Intel® oneAPI Math Kernel Library
Ask questions and share information with other developers who use Intel® Math Kernel Library.

Sparse matrix-multiple vectors products

asd__asdqwe
Beginner
294 Views

Hello,

I would like to compute Y^T = AX^T where A is sparse, and Y and X are dense matrices (which results from the concatenation of multiple vectors in row-major order). I've seen that you released an interface to Feast on the last update. When ijob = 30, this is what one needs to compute when using row-major order, and I was wondering if the implentation of such a procedure is available in the MKL.

Thank you.

0 Kudos
4 Replies
Sergey_P_Intel2
Employee
294 Views

 

Hello,

If I understood your question correctly you've asked about multiplication of sparse matrix by dense matrix where dense matrix is stored in row-major (C-style) order, right? MKL already supports such functionality. For example in ?CSRMM interfaces for 0-based CSR matrix it is supposed that dense matrices are stored in row-major order (C style) while for 1-based indexing they are supposed to be presented in column-major order (Fortran style).

Regards,

Sergey

0 Kudos
asd__asdqwe
Beginner
294 Views

Hello Sergey,

Thanks for your answer. I didn't think that the numbering of the CSR would impact on the order of the dense matrix (I thought it was only dependant on the compiler - C v. Fortran). I can now get the correct results, but what it basically means is that, if I call dcsrmm with the exact same parameters, changing only matdescra[3] from 'F' to 'C' (and changing indx and pntrb accordingly by decrementing all values by 1), I won't get the same results, right ? I saw on the last update that "performance of 0-based DCSRMM improved significantly". Is there some kind of scaling benchmarks available to compare 0-based and 1-based DCSRMM ? Which one would you rather use if you had the choice ?
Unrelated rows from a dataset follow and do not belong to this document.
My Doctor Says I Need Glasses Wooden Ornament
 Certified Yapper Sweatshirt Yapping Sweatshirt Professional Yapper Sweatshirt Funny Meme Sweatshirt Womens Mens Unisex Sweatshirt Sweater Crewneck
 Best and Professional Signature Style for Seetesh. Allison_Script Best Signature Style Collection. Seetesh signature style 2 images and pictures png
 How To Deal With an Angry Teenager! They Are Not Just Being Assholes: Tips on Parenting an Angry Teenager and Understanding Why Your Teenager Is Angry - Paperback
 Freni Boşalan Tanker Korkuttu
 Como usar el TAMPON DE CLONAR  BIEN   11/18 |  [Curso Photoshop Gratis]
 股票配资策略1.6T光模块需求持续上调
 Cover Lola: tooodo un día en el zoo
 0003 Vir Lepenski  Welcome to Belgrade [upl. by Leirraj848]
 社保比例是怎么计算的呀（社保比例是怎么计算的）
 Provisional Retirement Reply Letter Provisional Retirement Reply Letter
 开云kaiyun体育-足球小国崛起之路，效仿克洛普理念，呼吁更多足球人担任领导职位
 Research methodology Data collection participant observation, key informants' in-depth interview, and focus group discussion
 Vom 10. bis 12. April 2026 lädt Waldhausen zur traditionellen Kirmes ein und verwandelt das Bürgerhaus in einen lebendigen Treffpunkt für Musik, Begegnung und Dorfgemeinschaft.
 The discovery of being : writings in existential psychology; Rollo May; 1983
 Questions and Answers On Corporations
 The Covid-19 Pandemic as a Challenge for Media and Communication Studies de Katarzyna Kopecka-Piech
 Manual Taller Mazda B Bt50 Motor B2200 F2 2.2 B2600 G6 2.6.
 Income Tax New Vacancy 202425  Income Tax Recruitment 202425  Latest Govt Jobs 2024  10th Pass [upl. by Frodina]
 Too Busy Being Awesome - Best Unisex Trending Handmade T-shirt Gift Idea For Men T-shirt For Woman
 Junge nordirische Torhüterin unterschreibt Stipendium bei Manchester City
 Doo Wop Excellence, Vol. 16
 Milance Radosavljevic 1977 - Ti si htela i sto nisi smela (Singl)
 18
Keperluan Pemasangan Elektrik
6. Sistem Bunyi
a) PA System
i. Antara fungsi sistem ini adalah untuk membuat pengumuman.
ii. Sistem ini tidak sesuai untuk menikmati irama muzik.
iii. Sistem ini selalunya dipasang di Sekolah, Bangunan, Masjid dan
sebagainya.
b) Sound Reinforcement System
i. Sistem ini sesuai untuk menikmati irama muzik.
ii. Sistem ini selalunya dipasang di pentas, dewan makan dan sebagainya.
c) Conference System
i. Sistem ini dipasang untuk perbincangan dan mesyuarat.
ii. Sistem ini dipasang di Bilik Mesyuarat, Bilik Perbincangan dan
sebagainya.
Thanks a lot for your help !

0 Kudos
Sergey_P_Intel2
Employee
294 Views

Hello!

Yes, you are right: changing only matdescra[3] from 'F' to 'C' and decrementing indices by 1 will not produce the same result. For correct result transposition of dense matrices is also required.

For general non-transposed case I'd prefer to use 0-based DCSRMM instead of 1-based one.

Regards,

Sergey

0 Kudos
asd__asdqwe
Beginner
294 Views

I'm sorry to bother you again about this matter but do you think there is a way to avoid transposing the dense matrices, for example by calling DCSCMM instead of DCSRMM and working with the transpose ?

Thanks for any help that could lead to a way to compute B = A * X where each column of X are stored contiguously in memory without having to transpose dense matrices with a 0-based general CSR matrix.